Activity
Exact transcription, pictures omitted: reproduce the listing below.

*** Begin section ***

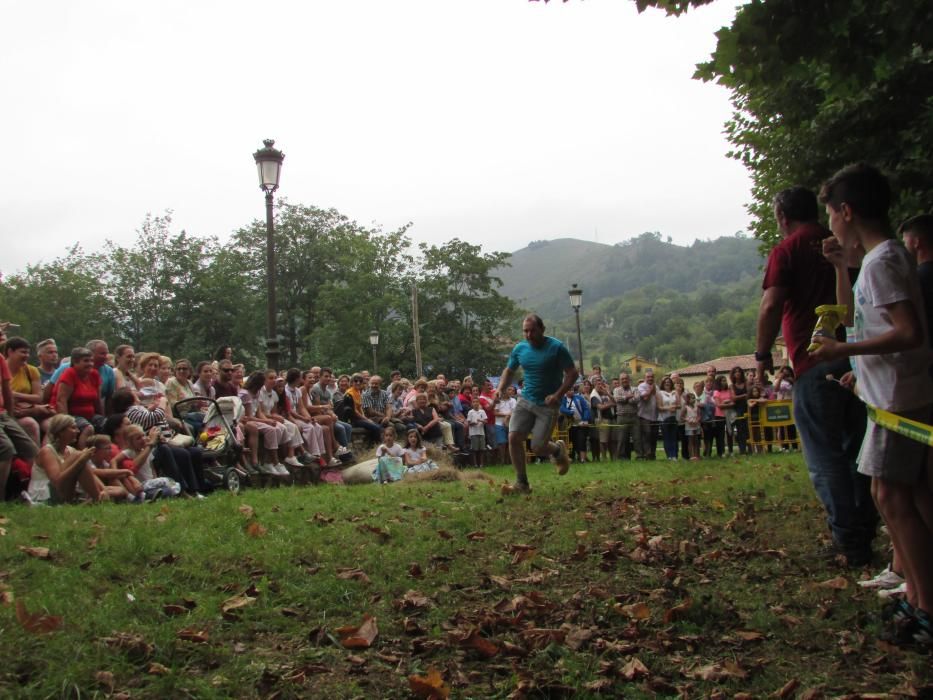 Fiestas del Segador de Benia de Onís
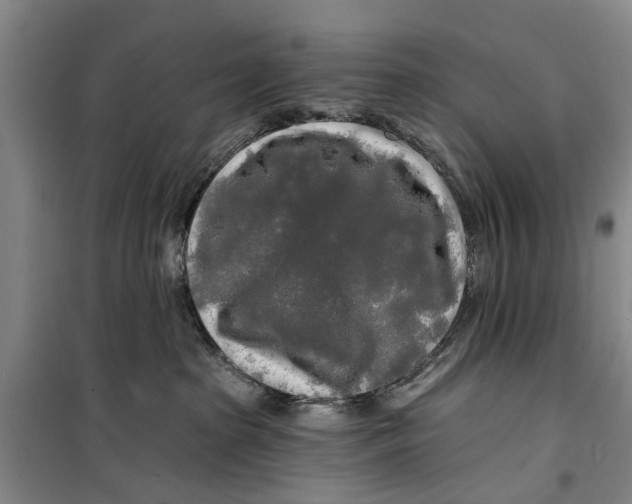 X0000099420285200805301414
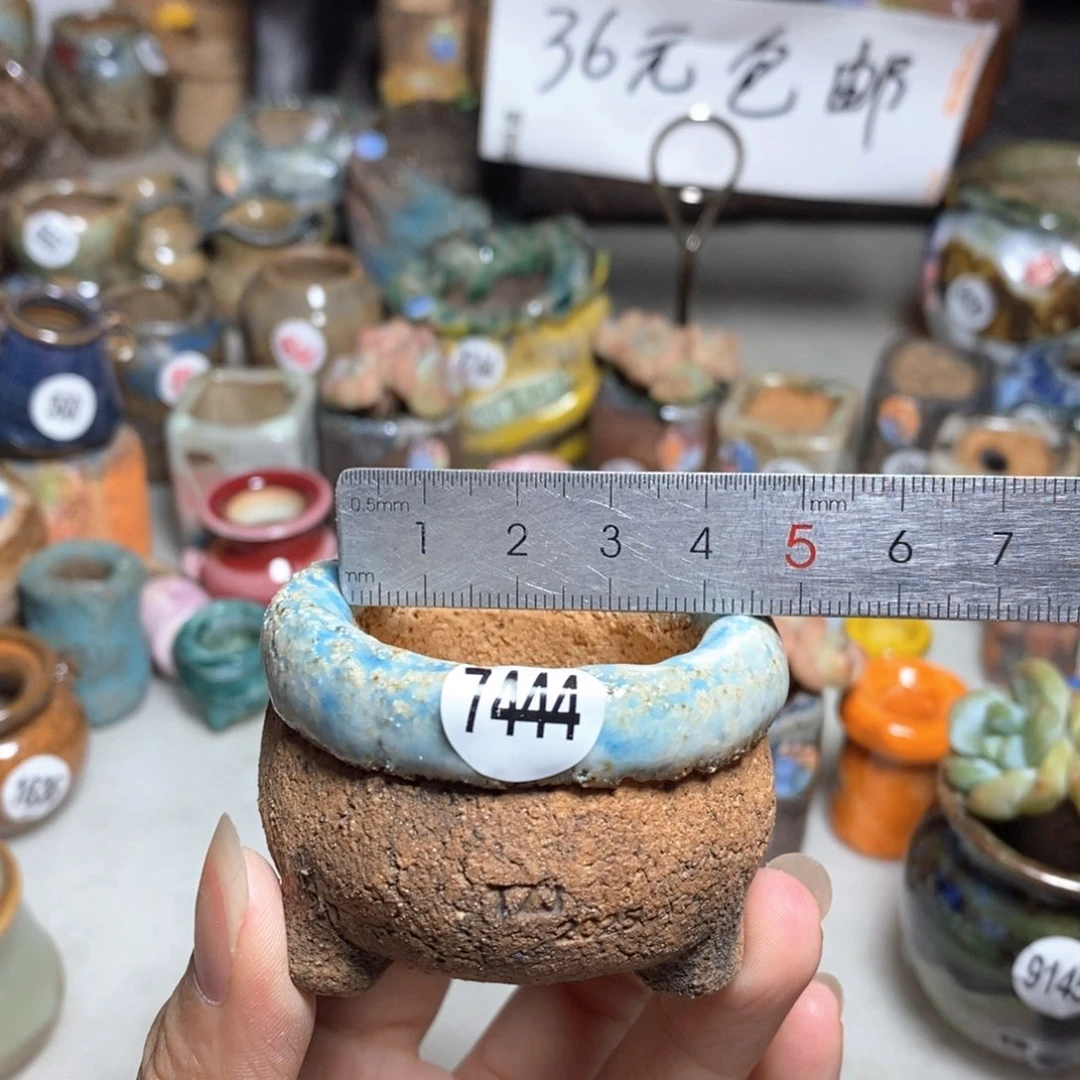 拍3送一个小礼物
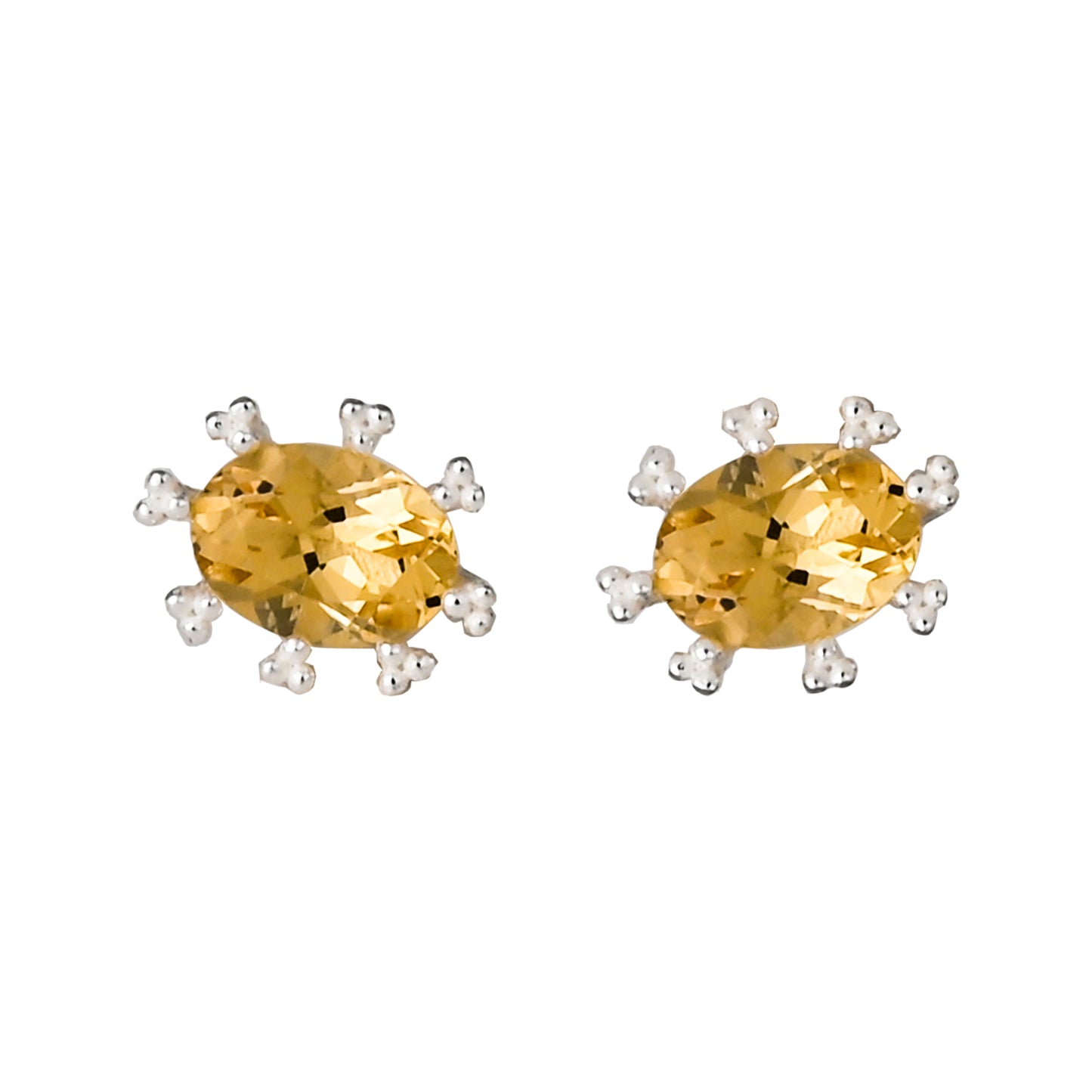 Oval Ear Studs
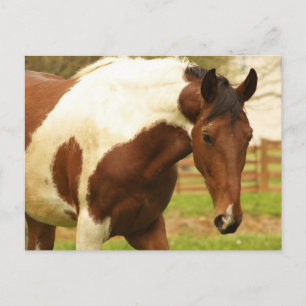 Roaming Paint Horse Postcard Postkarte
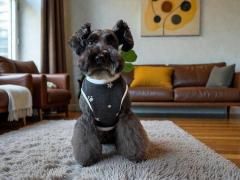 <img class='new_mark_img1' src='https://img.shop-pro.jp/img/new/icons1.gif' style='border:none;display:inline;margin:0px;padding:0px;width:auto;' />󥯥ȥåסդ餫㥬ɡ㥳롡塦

*** End section ***

Solution to the exercise
 Fiestas del Segador de Benia de Onís
 X0000099420285200805301414
 拍3送一个小礼物
 Oval Ear Studs
 Roaming Paint Horse Postcard Postkarte
 <img class='new_mark_img1' src='https://img.shop-pro.jp/img/new/icons1.gif' style='border:none;display:inline;margin:0px;padding:0px;width:auto;' />󥯥ȥåסդ餫㥬ɡ㥳롡塦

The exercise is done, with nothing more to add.